22En zie, een Kanaänitische vrouw uit die streek riep uit: “Mijn Heer, Zoon van David, ontferm U over mij! Mijn dochter is vreselijk bezeten door een demon.”
23Maar Hij antwoordde haar met geen woord. Zijn discipelen kwamen bij Hem en smeekten Hem en zeiden: “Stuur haar weg, want zij roept ons na!”
24Hij antwoordde en zei tegen hen: “Ik ben alleen uitgezonden naar de verloren schapen van het huis van Israël.”
25Maar zij kwam, knielde voor Hem neer en zei: “Mijn Heer, help mij!”
26Hij zei tegen haar: “Het is niet goed om het brood van de kinderen te nemen en het de honden toe te werpen.”
27Maar zij zei: “Jawel, mijn Heer, want de honden eten ook van de kruimels die van de tafel van hun heren vallen en zo blijven zij leven.”
28Toen zei Jezus tegen haar: “O vrouw, groot is je geloof! Het zal gebeuren zoals je wilt.” En van dat ogenblik af was haar dochter genezen.
Verlamden, blinden, stommen en kreupelen genezen29Jezus vertrok vandaar en kwam bij de zee van Galilea. Hij klom de berg op en ging daar zitten.
30Grote menigten kwam naar Hem toe. Zij hadden verlamden, blinden, stommen en kreupelen bij zich en nog vele anderen.
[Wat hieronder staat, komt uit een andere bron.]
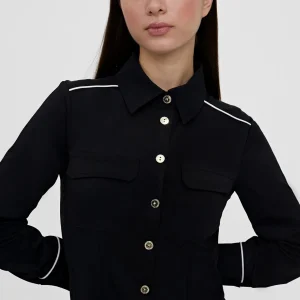 Lola Casademunt Vestidos Y Faldas<Vestido corto camisero ceñido NEGRO
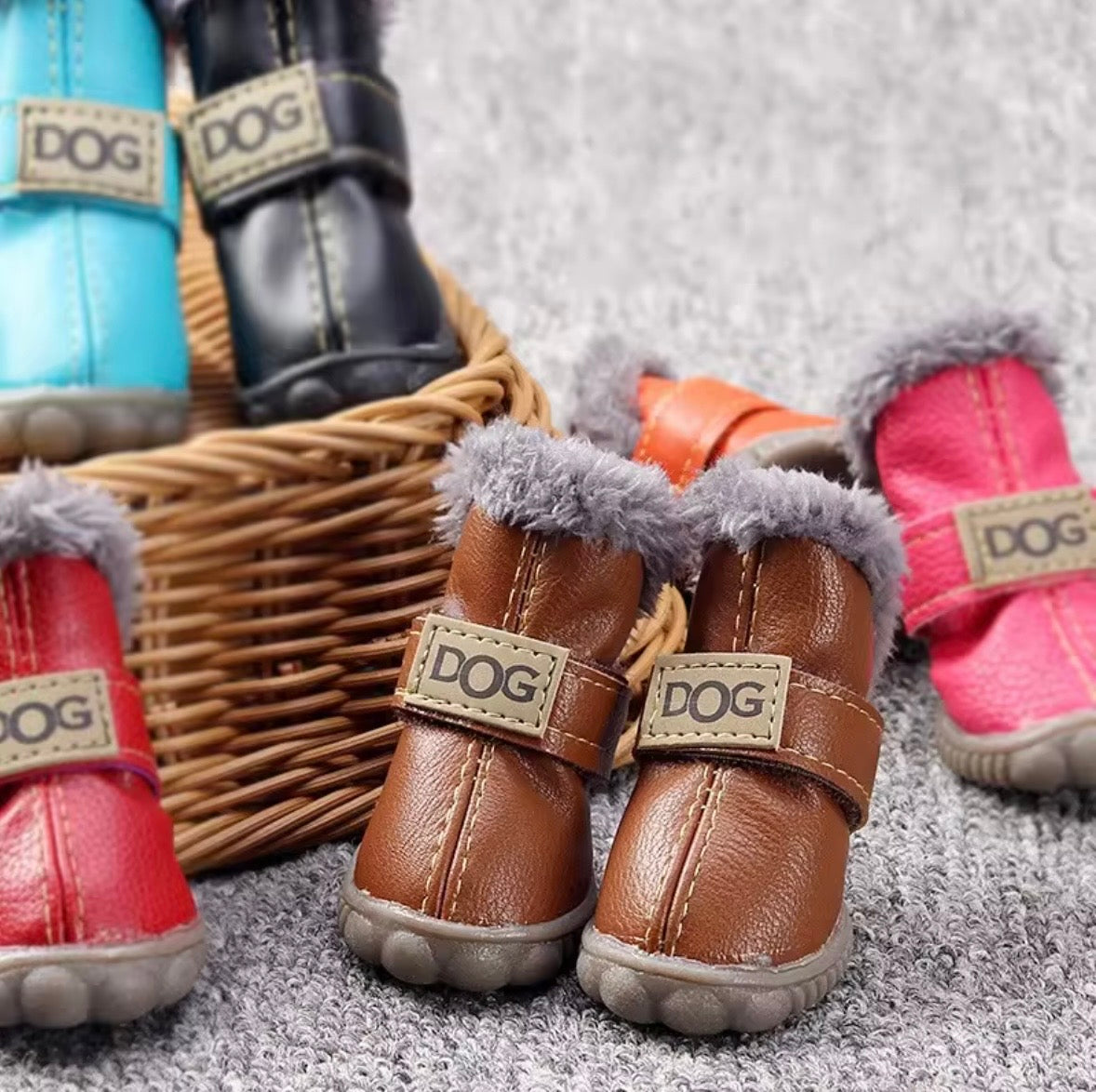 colorful, faux-fur lined dog boots with anti-slip soles designed to protect pet paws from extreme temperatures and harsh surfaces.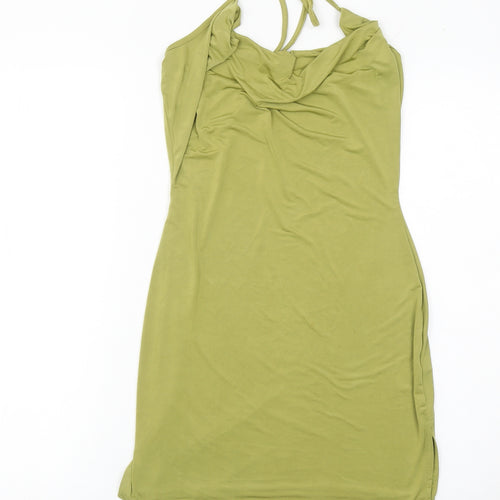 PrettyLittleThing Women’s Green Size 10 Bodycon Cowl Neck Sleeveless Dress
Zij legden hen aan de voeten van Jezus en Hij genas hen,
31zodat de menigten zich verwonderden, toen zij zagen, dat zij die stom geweest waren, spraken en dat zij die kreupel geweest waren, genezen waren en dat zij die verlamd geweest waren, liepen en dat zij die blind geweest waren, zagen en zij verheerlijkten de GOD van Israël.
De tweede wonderbare spijziging32Jezus riep zijn discipelen en zei tegen hen: “Ik heb medelijden met deze menigte, want zie, zij zijn al drie dagen bij Mij gebleven en zij hebben niets te eten. Ik wil hen niet met een lege maag wegsturen, opdat zij onderweg niet bezwijken.”
33Zijn discipelen zeiden tegen Hem: “Waar moeten wij in deze verlaten plaats genoeg brood vandaan halen om heel deze menigte mee te verzadigen?”
34Jezus zei tegen hen: “Hoeveel broden hebben jullie?” Zij zeiden: “Zeven, en nog wat visjes!”
35Daarop gaf Hij de menigten opdracht om op de grond te gaan zitten.
36Hij nam de zeven broden en de vissen, dankte, brak ze en gaf ze aan zijn discipelen en de discipelen gaven ze aan de menigten.
37Allen aten en werden verzadigd. Zij raapten het overschot van de brokken op: zeven volle manden.
38Het waren vierduizend mannen die gegeten hadden, de vrouwen en kinderen niet meegerekend.
39Nadat hij de menigten weggestuurd had, klom Hij in het schip en kwam bij het gebied van Magdo.